Socialism, fascism,'s all splitting hairs. Socialism is nothing but communism light, with free elections, some tenuous property rights, and less cult of the state. Fascism has the tenuous property rights of socialism but also the cult of state of communism. But ALL believe in centralized control of the economy, with government consuming inordinately large chunks of a society's economic output.

There, I just cut through the confused clutter of a thousand poli sci classes.

Conservatives, of course, like to do their own name calling, with "socialist" and "Marxist" being their favorite zingers. And while these terms are often applied too loosely, they are at least generally applied to those who believe in large and dominant central governments, so unlike the liberal use of "fascist," at least conservatives are getting their insults right.

And often, it's not an insult, it's just a statement of fact. Words like "socialist" actually mean something, they're not just vague putdowns. To be precise, someone who believes an economy should be controlled by a dominant centralized government must be one the big three: socialist, communist, or fascist. I know of no other model for big government. If one of my readers does, please inform us. Liberal is not a model, for the record, it's a characterization, mostly for those who believe in the socialist model. And for those who are going to write me and say, "theocracy," I would argue that economically, these are socialist societies. With a sharia twist, perhaps, but socialist still.
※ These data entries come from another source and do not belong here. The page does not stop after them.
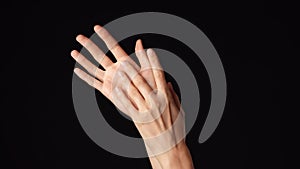 Closeup studio shot of beautiful caucasian woman showing and touching her hands smooth skin.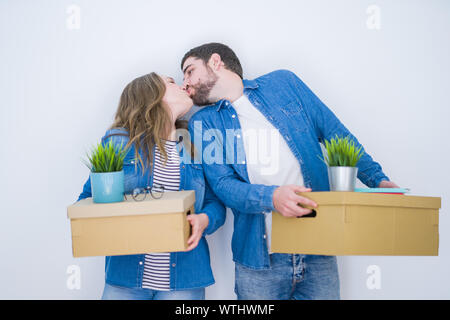 Junge schöne Paar hält Kartons sehr glücklich für ein neues Zuhause auf weißem Hintergrund isoliert Stockfoto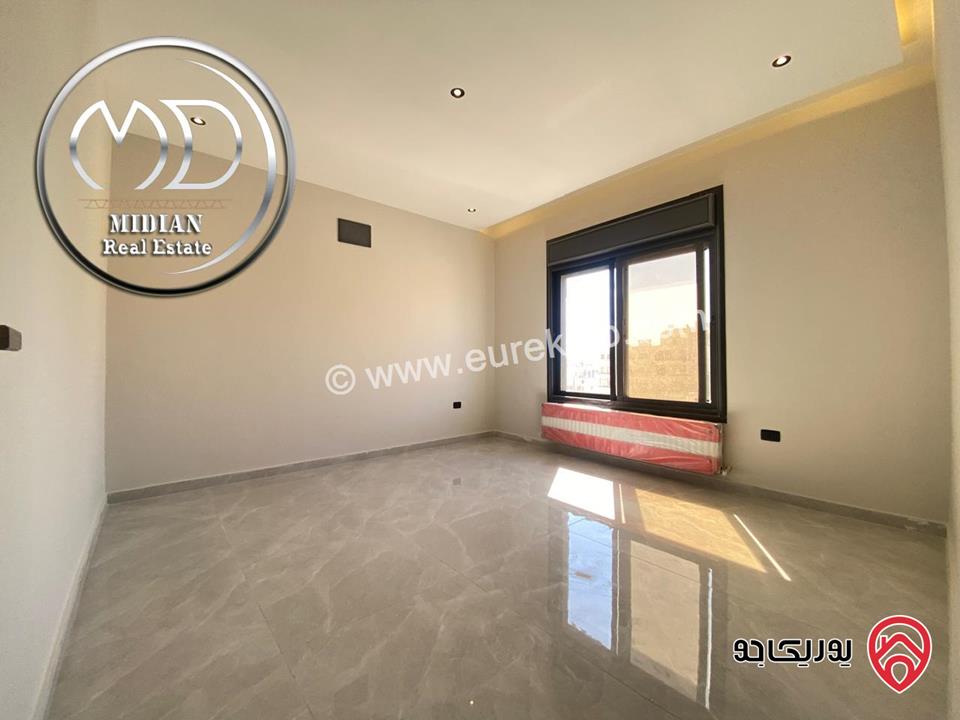 شقة ارضية جديدة للبيع في عمان - تلاع العلي مساحة 210م مع ترس و حديقة 140م تشطيبات ديكورات عصرية فاخرة بسعر مميز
So, I ask you for a moment to separate all these words from the silly insults they have become. No one, outside of the comical characters of the Occupy movement, likes to be called a socialist, because the word has been sullied. Same with the others, fascism and communism. All three have become epithets. This happens sometimes when a concept becomes thoroughly discredited by history. It's kind of like how liberals everywhere now call themselves "progressives," even though there's not a whit’s difference between the two. "Liberal" doesn't poll well anymore. 

So, if we were going to describe President Obama - as opposed to insulting him - what label best applies? I think we can safely rule out labels like "capitalist" and "libertarian." Clearly, Obama is a big government guy, so he must be one of the three, but which? As I said, as economic models the differences between the systems are not enormous, but there are a few.
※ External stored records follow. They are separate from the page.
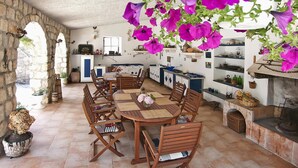 A rustic dining area with a stone wall, wooden furniture, and hanging purple flowers. - Room 5 a/c park view Beach&Sea front Castle parking (Zaton)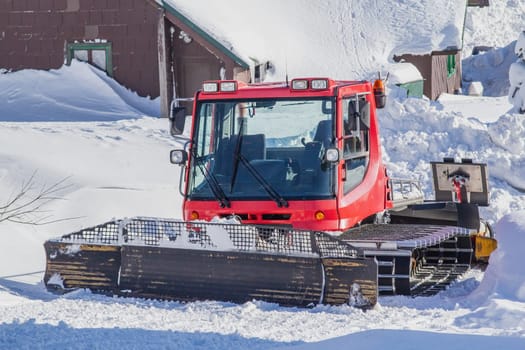 Snowy red groomer parking next to ski slope in mountain resort. Horizontally.  All potential trademarks are removed.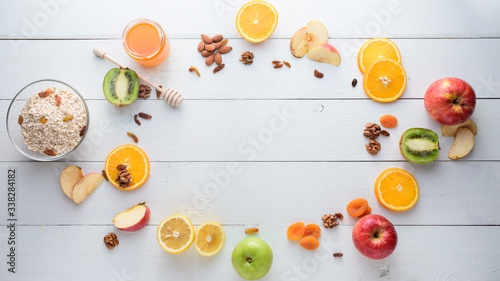 Apples, kiwi fruits, dried fruits, oranges and apples. Healthy eating concept. Shot on a white wooden table.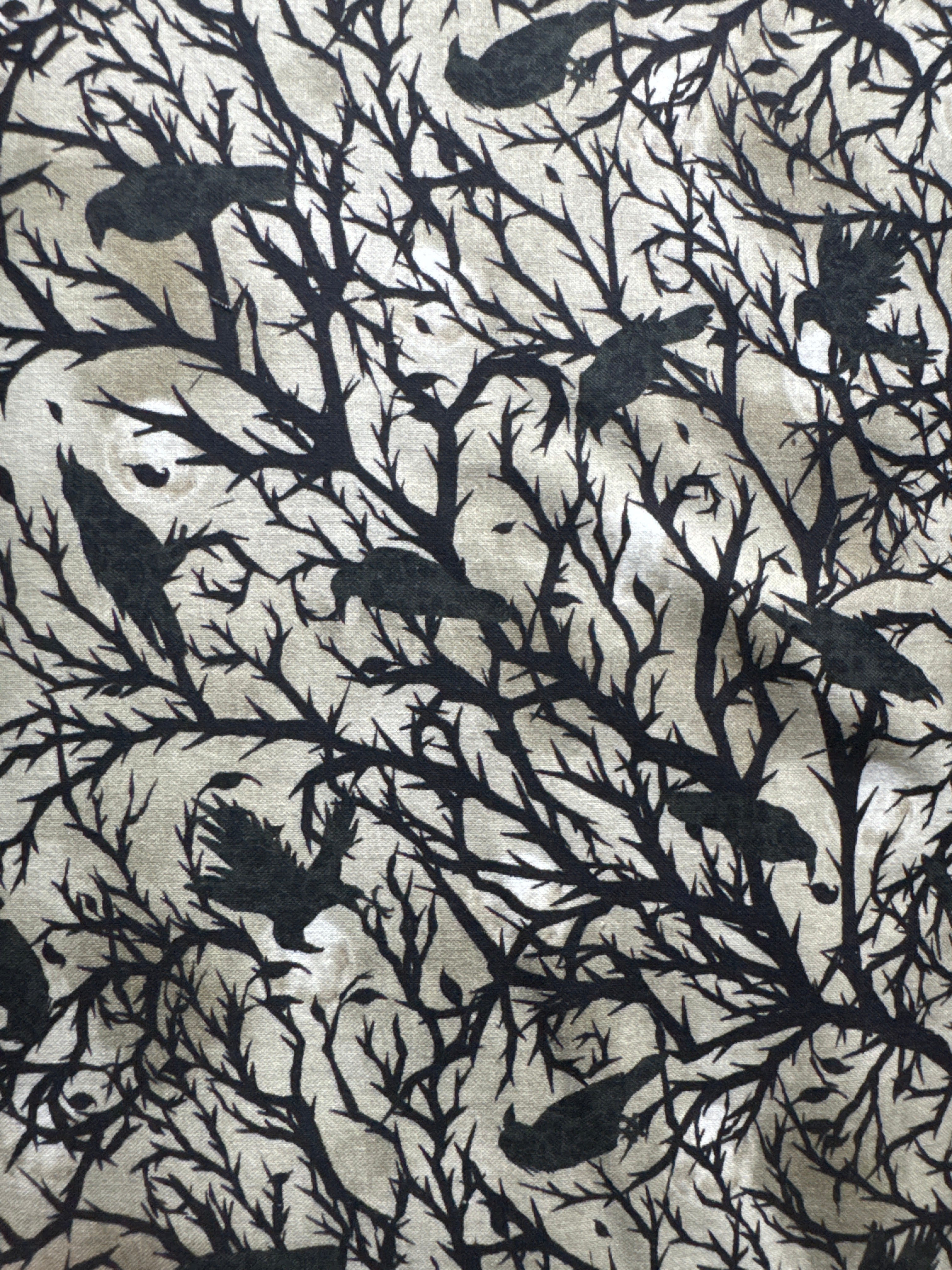 Darkly enchanted. Ravens in trees. Sold by half yard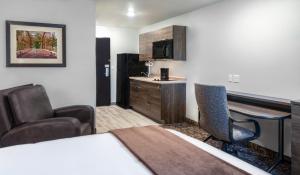 East MolineMy Place Hotel-East Moline/Quad Cities, IL的酒店客房带一张床、一张桌子和椅子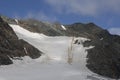 Climber trail through a dangerous glacier and avalanches in Austiran Alps. Route to the Grossglockner rock summit, Austria Royalty Free Stock Photo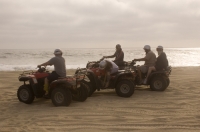 Cabo San Lucas, Mexico Group of tourists riding Quads on the playa near Migrino, Baja California, Mexico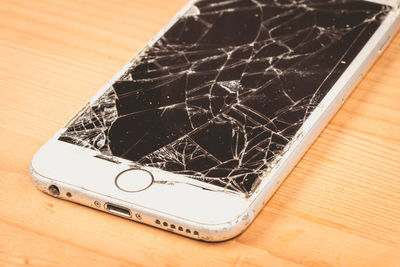 High angle view of broken smart phone on table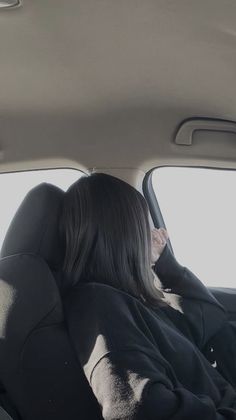 a woman sitting in the back seat of a car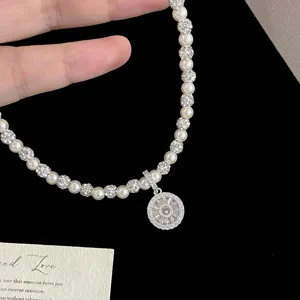 Détail en gros plan du collier boussole de luxe en perles et zircons avec pendentif rond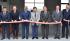 Photo of people cutting the ribbon during the opening of the Laboratory of the Aerospace Research Center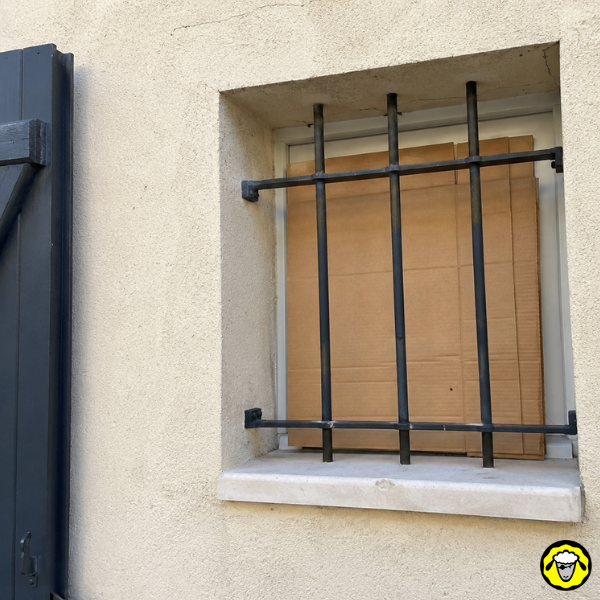 Carton placé derrière une fenêtre à barreaux pour protéger l intérieur du soleil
A thought experiment is sometimes helpful in these exercises. A few weeks ago, I asked Naked Dollar readers to imagine Steve Jobs in a different time and place. My thinking was that the results would not have been quite so glorious (you can read it here).

Let's reverse the game. Let's take a historical figure, Lenin, and place him in modern America. What would be the result? I pick Lenin because more than any, he was responsible for the implementation of communism. Marx was an isolated theorist holed up in the British Library. Lenin was a man of action.

Well, let's start with what Lenin wouldn't be doing today: leading an armed revolt to assume power. This strategy is only effective when you are revolting against a tyrannical and corrupt power like the tzars or Fulgencio Batista in Cuba. So how to achieve Marxist ends within a benign democracy, where there are no trodden masses to support a revolt?

The answer is from within the system, for unlike 1917 Russia or 1958 Cuba, our system allows anyone to accumulate power if they play their cards right. In the U.S., growing government power is a game best played slowly, but also faster when the opportunities present. Lenin would have understood this. Do it in a way that few notice what's being imposed on them, like the proverbial frog in pot of water that slowly boils. You boil to death before you realize there's a problem.

In short, the entire liberal movement has operated by this playbook for the last 70 years, to great effect. Obama is merely the movement's apotheosis. So, intellectually, it's safe to call Obama either a socialist or a communist. The constructs of these ideologies are what he believes to his core.

But what about in practice? Communist? Sorry, no. I don't doubt Obama would like very much to rule without the inconvenience of Congress, the Supreme Court, or even voters. In a rare moment when he allowed a thought bubble to escape, he professed envy on the Chinese leadership that could just do whatever it wanted, without messy democratic constraints. But the fact is he can't, so we can't call him anything more than a communist wanna-be.

Socialist, perhaps? This is certainly closer to the mark, and Obama is especially animated by the class warfare aesthetic that adorns socialist movements everywhere. But socialists, like communists, want the government to own the means of production, particularly the biggies like banks, airlines, car companies, and so on. (Communists, on the other hand, want all those and the corner deli, too.) Interestingly, we haven't seen Obama, even in the midst of crisis, move to take over any industries. He merely wishes to control them. His levers of power are Obamacare, Dodd Frank, the EPA, and so forth. Not textbook socialism.

Which brings us to fascism. Obama certainly doesn't embrace any of the weird eugenics of fascists-past, nor is he quite so militaristic, so labeling him a fascist wouldn't be entirely accurate. But we are discussing economic models here, and, ironically, fascism may be closer to the mark than the others. Obama is willing to allow the appearance of private property but the reality is that an army of technocrats set the rules. Call it socialism by fiat.

Or perhaps we should call it Obama-ism, because anything so incredibly destructive probably deserves its very own ism.